The first chapter begins in a jungle and jumps to an unorthodox one night ménage In Paris, and then the Vagrant walks from there.
In the book are Filipino psychic surgeons. There are unsuccessful Parisian seductions. Decaying paradise. Balinese bats. A key to the beds at Shakespeare & Co on the shore of the Seine. Old men. Statues. Old Russian tea. An awareness of the collapsing globe that is more important than the self. Nights alone in the dark. And so yes, it’s stand-out of the box book. I hope she and I—get out of the box—often, and soon.

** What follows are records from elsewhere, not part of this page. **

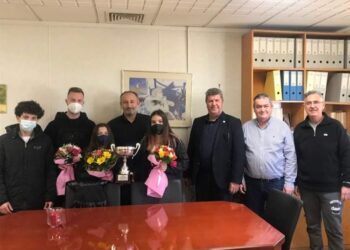 Ο Δήμαρχος Αιγάλεω Γιάννης Γκίκας τίμησε τον Αθλητικό Όμιλο Αντισφαίρισης «Αιγάλεω 92»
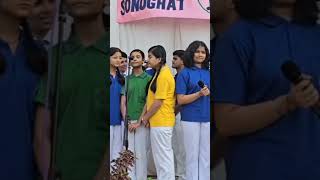Song for school workers by choir 💗 @njmsdeoria  #labourday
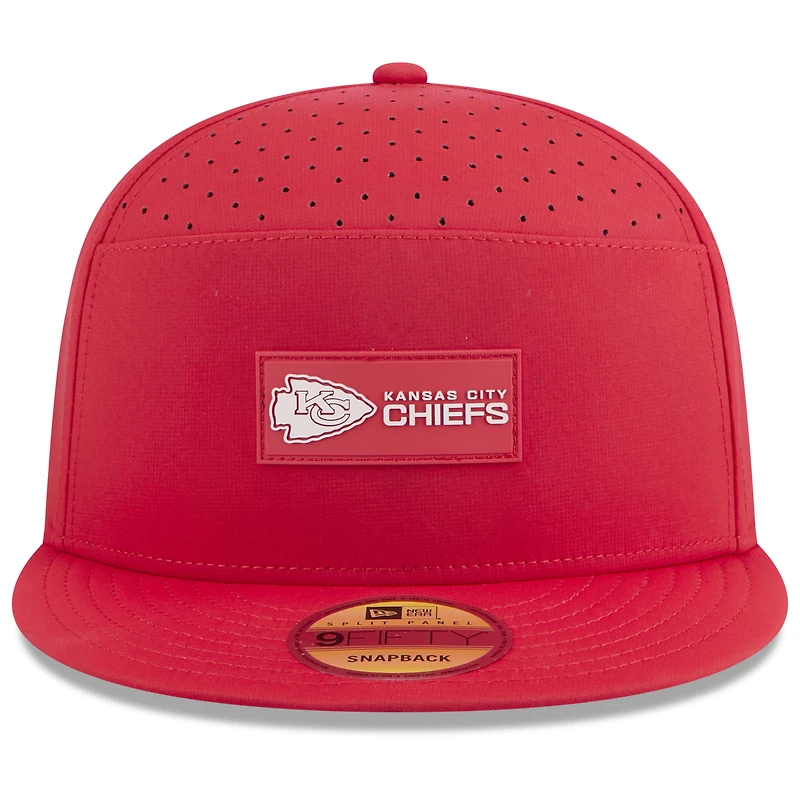Casquette snapback 9FIFTY rouge New Era Kansas City Chiefs 2025 pour homme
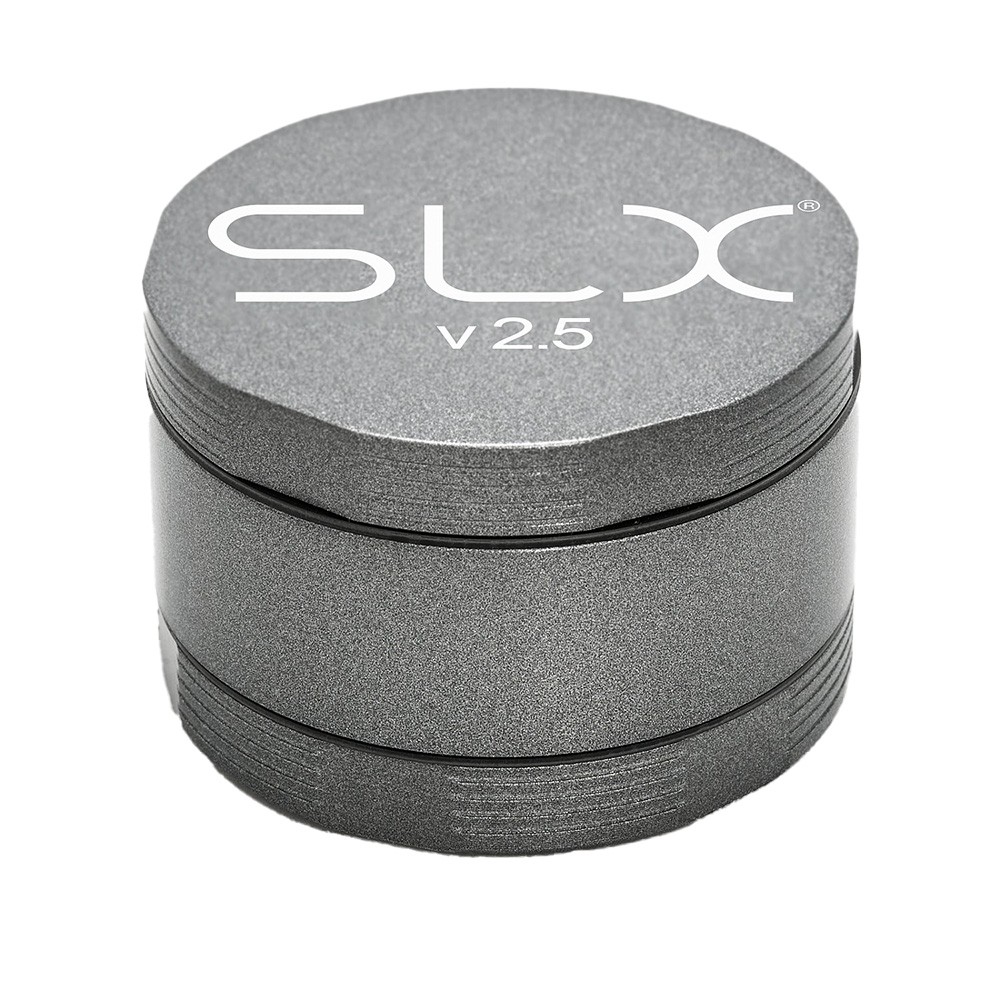 SLX Grinder Aluminium Non Sticky 62mm • Silver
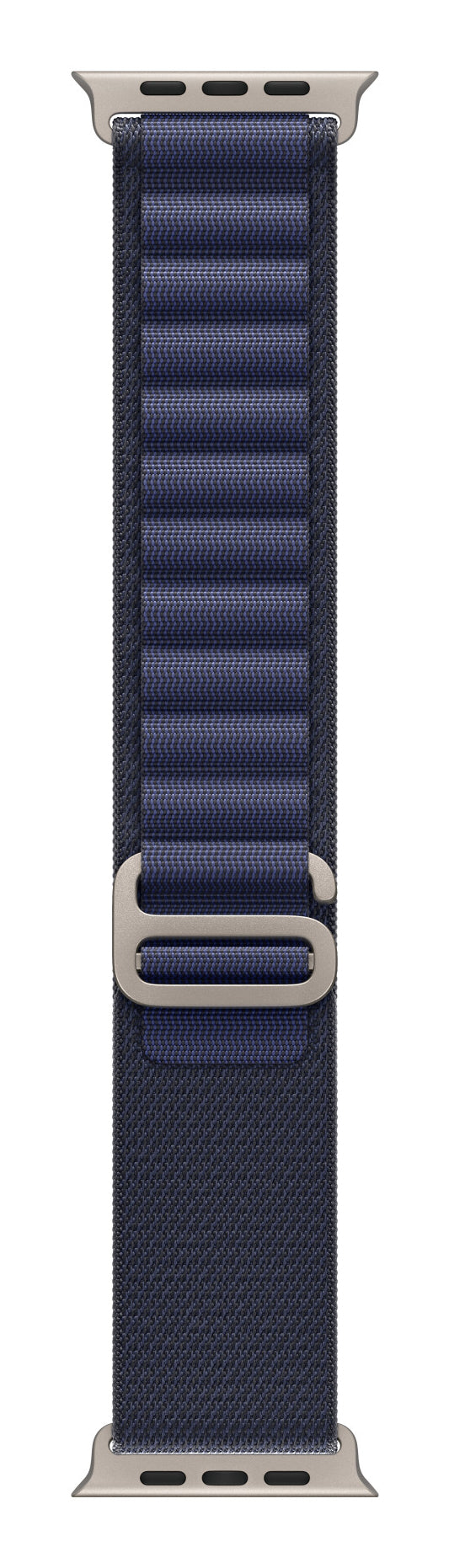 49mm Navy Alpine Loop - Large - Natural Titanium Finish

Who are you currently reading?
This might not be totally pleasing to my fellow writers, but I’m very often half-reading some things, and often not finishing until later, as I open something more, and new, and other. I read, I'd have to admit, like a collagist! The result is a way in which my mind and eye overlap and merge what I read into different patterns. So my room is filled with open or closed pages with bookmarks.
OK. A list:
Samuel Beckett’s collected letters (1957-1965.) Rereading Joyce’s The Dead, maybe because I’m feeling haunted—and Joan Halifax’s Being With Dying, because it is one of the best spiritual texts I know. Rereading Lance Olsen’s Head in Flames. Kawabata’s Palm-of-the Hand Stories. Saramago’s The Double (after seeing the film Enemy.) Hilary Plum’s they dragged them through the streets. Romain Slocombe’s Monsieur Le Commandant.
More Gerard Manley Hopkins. More W.S. Merwin. Sam Hamill’s translations of The Poetry of Zen. Pascale Petit’s Fauverie. More Lorca. More Shakespeare. Rereading Lear.
And I reread my own work in progress so many times I forget sometimes who wrote it. That’s a lie. But I like how it looks, here. Smile.